100 patients [(naïve (n=29); or previously treated with agalsidase beta who switched to Replagal (n=71)) were treated for up to 30 months in an open label, uncontrolled study. An analysis showed that serious adverse events were reported in 39.4% of those patients who switched from agalsidase beta compared to 31.0% in those who were naïve to therapy prior to study entry. Patients switched from agalsidase beta to Replagal had a safety profile consistent with that observed in other clinical experience. Infusion related reactions have been experienced by 9 patients of the naïve population (31.0%) compared to 27 patients of the switched population (38.0%).

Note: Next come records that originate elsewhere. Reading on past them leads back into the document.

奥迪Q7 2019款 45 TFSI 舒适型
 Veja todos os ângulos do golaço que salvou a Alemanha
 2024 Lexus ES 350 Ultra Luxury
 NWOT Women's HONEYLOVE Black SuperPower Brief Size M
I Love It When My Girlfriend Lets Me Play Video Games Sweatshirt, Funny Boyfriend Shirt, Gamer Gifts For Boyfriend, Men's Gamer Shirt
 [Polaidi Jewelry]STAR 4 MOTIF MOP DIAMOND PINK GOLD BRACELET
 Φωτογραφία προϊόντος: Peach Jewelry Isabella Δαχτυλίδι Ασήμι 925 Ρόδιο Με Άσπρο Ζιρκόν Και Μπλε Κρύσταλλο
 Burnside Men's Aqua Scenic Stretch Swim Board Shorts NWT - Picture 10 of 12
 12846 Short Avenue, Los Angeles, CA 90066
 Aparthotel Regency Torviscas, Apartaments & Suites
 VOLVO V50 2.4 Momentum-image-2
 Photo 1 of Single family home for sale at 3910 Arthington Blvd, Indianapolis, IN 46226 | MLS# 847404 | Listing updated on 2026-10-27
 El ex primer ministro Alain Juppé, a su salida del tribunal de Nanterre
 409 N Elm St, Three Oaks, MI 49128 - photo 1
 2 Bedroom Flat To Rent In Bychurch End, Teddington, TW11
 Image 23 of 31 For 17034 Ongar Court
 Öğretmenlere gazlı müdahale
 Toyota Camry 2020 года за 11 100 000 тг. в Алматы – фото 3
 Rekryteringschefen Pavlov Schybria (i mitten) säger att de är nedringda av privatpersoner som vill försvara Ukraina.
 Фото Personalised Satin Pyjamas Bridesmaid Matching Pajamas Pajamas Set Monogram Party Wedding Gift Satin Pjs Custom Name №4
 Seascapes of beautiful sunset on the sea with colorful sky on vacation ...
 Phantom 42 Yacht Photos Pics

In an open‐label randomised study, there were no statistically significant differences between adult patients treated for 52 weeks with 0.2 mg/kg intravenously every other week (n=20) and those treated with 0.2 mg/kg weekly (n=19) in mean change from baseline LVMI or other endpoints (cardiac functional status, renal function, and pharmacodynamic activity). In each treatment group, LVMI remained stable over the treatment period of the study. The overall incidence of SAEs by treatment group did not show any obvious effect of treatment regimen on the SAE profile of the different treatment groups.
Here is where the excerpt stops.